Supplied information START

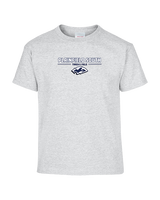 Plainfield South HS Track & Field Keen - Youth Shirt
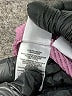 ZeroXposur Hearts Pink Track Pants Size 10 - 12 - photo 4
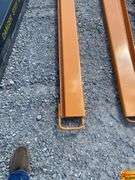 (1) Pair Of Extension Forks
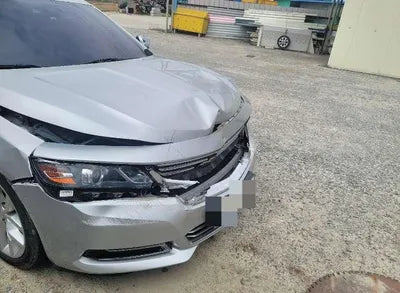 2016 Chevrolet Impala 1G1155SA6GU132927 VIN:1G1155SA6GU132927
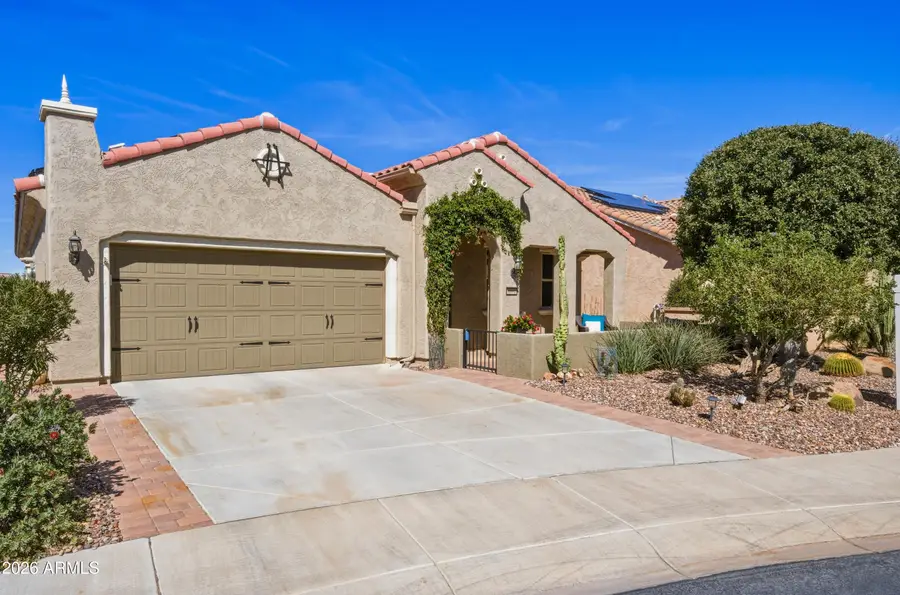 4062 N Presidential Drive, Florence, AZ 85132 - #2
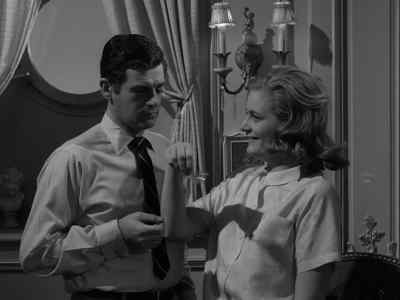 All right. - The Twilight Zone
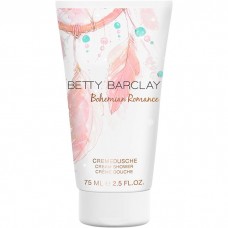 Подаръчен комплект BETTY BARCLAY Bohemian Romance тоалетна вода 20 мл. + душ гел 75 мл. - за жени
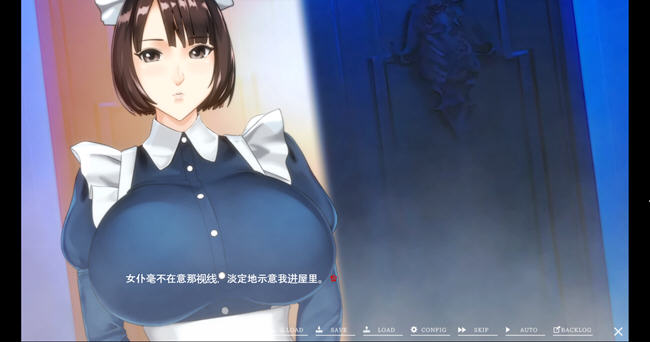 汝神家之馆 AI汉化版 ADV游戏大作+全CG存档 4.8G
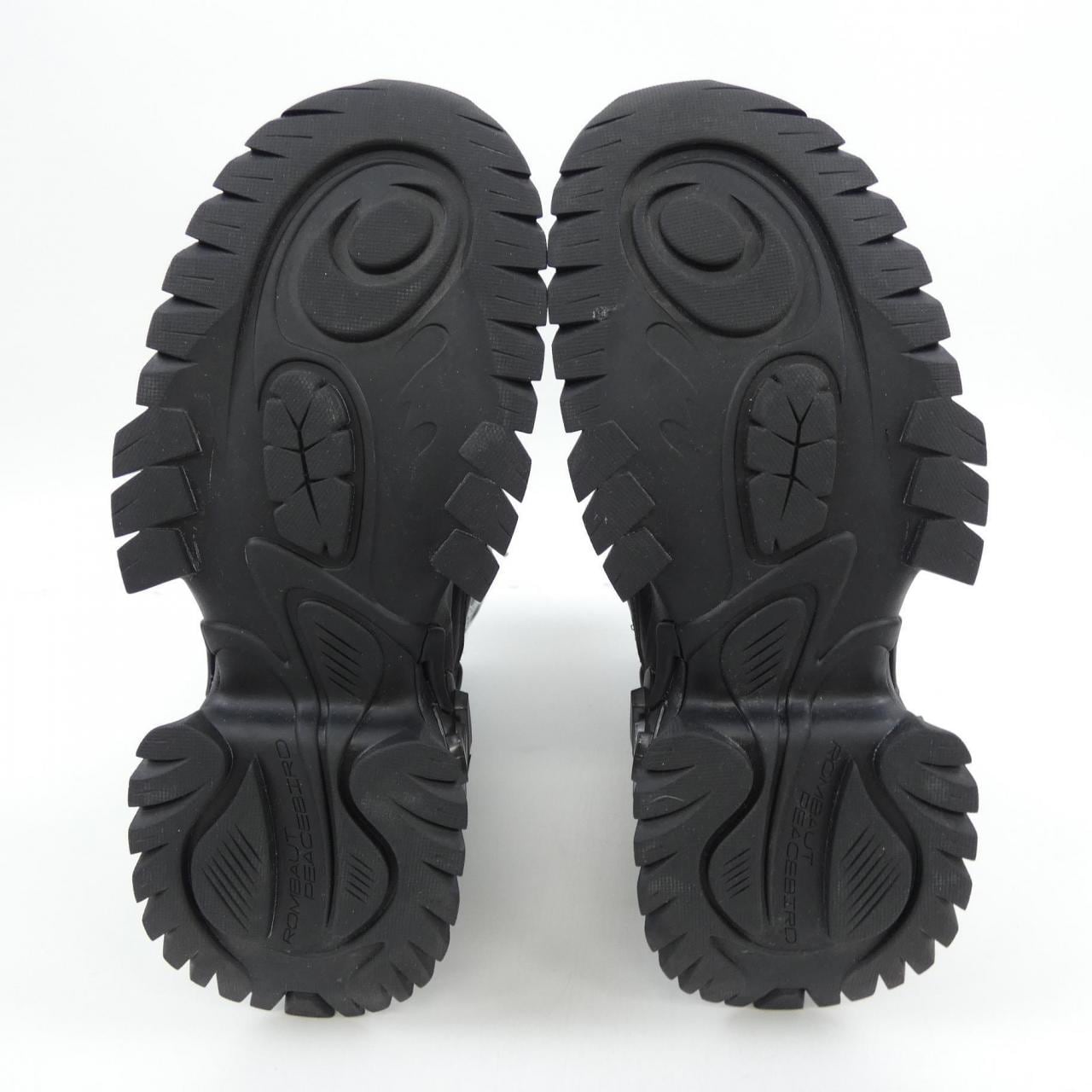 NUCLEO BOOT sneakers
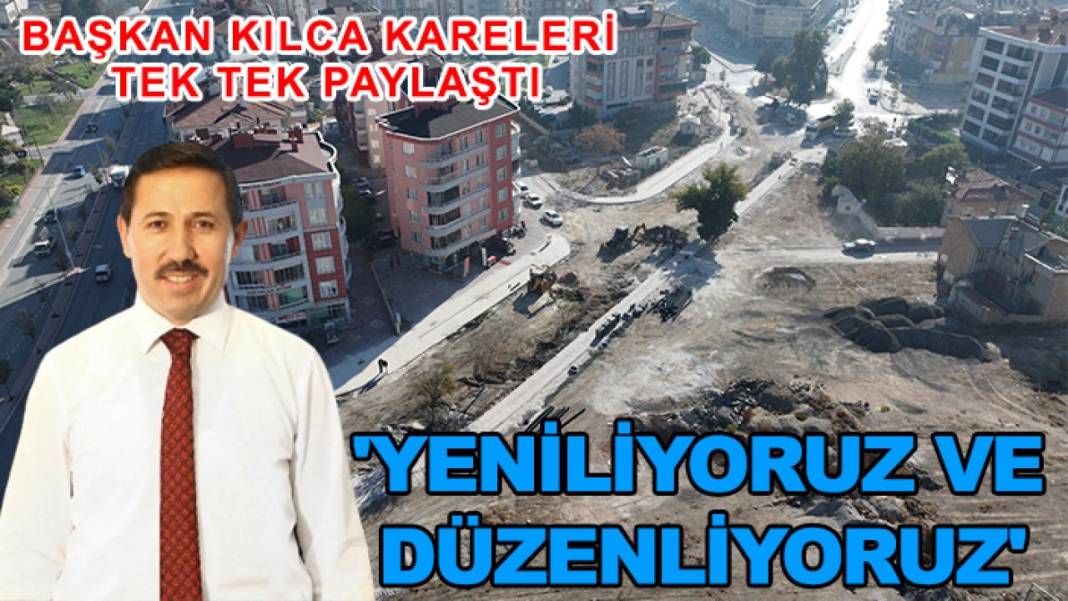 Konya’da bugün neler oldu? 1 Kasım 2025’in öne çıkan gelişmeleri 9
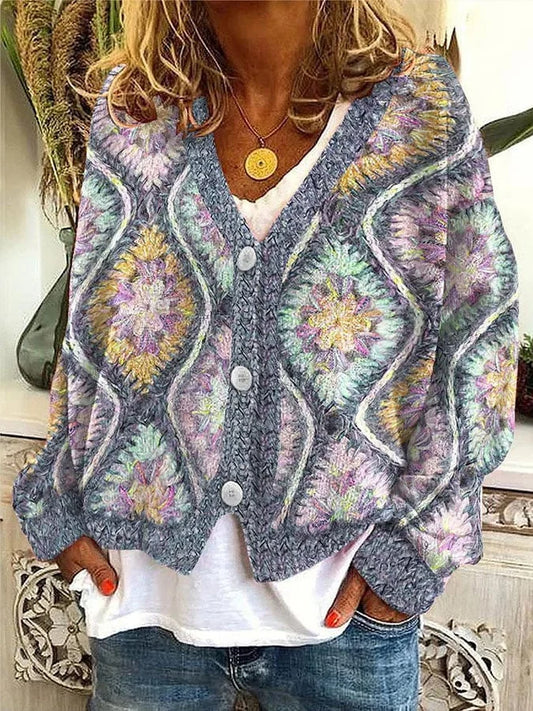 Calithia - Ultimate Soft Cardigan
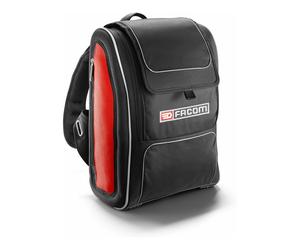 Facom Zaino portautensili compatto con chiusura lampo a 2 vie Quantità:1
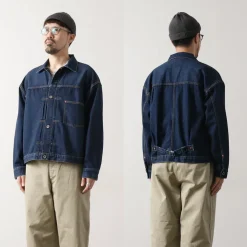 REMI RELIEF Jackets^/ WWII model JACKET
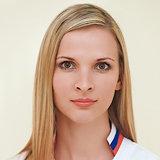 Емельянова Александра Николаевна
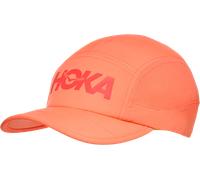 Hoka Hoka Run Hat Berretti O/S Arancio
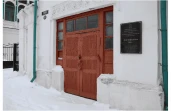 Продается нежилое здание «Дом Бородкина», 646,1 кв. м,  г. Енисейск, ул. Ленина, дом 99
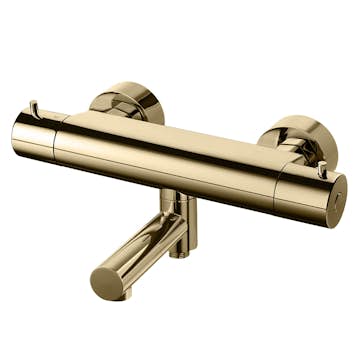 Dusch- och Badkarsblandare Tapwell EVM022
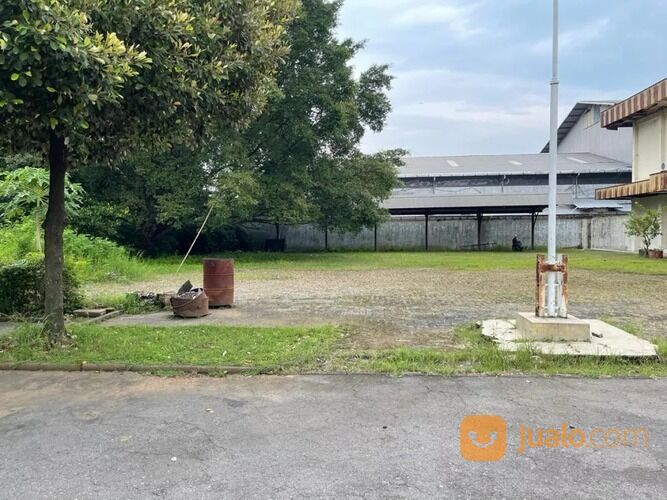 Gudang dan kantor 2 lantai di kawasan industry Lokasi :KAWASAN INDUSTRI CANDI NGALIYAN, SEMARANG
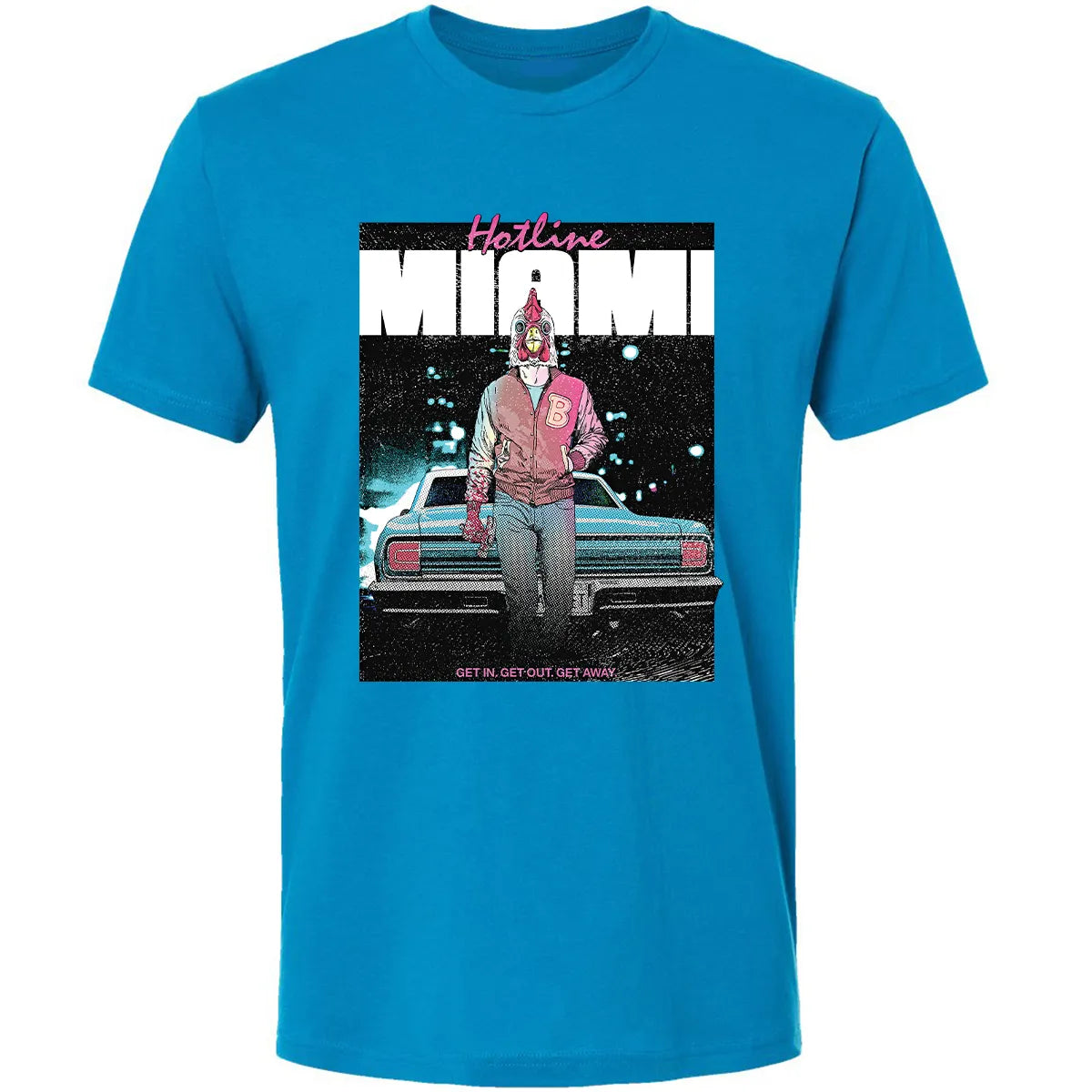 Premium Unisex T-shirt - ZZXH3YAG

Supplied information END

What you are asked to do: From the first line to the last, retype the data above exactly, but not its images.

Response for this exercise:
 Plainfield South HS Track & Field Keen - Youth Shirt
 ZeroXposur Hearts Pink Track Pants Size 10 - 12 - photo 4
 (1) Pair Of Extension Forks
 2016 Chevrolet Impala 1G1155SA6GU132927 VIN:1G1155SA6GU132927
 4062 N Presidential Drive, Florence, AZ 85132 - #2
 All right. - The Twilight Zone
 Подаръчен комплект BETTY BARCLAY Bohemian Romance тоалетна вода 20 мл. + душ гел 75 мл. - за жени
 汝神家之馆 AI汉化版 ADV游戏大作+全CG存档 4.8G
 NUCLEO BOOT sneakers
 Konya’da bugün neler oldu? 1 Kasım 2025’in öne çıkan gelişmeleri 9
 Calithia - Ultimate Soft Cardigan
 Facom Zaino portautensili compatto con chiusura lampo a 2 vie Quantità:1
 REMI RELIEF Jackets^/ WWII model JACKET
 Емельянова Александра Николаевна
 Hoka Hoka Run Hat Berretti O/S Arancio
 Продается нежилое здание «Дом Бородкина», 646,1 кв. м,  г. Енисейск, ул. Ленина, дом 99
 Dusch- och Badkarsblandare Tapwell EVM022
 Gudang dan kantor 2 lantai di kawasan industry Lokasi :KAWASAN INDUSTRI CANDI NGALIYAN, SEMARANG
 Premium Unisex T-shirt - ZZXH3YAG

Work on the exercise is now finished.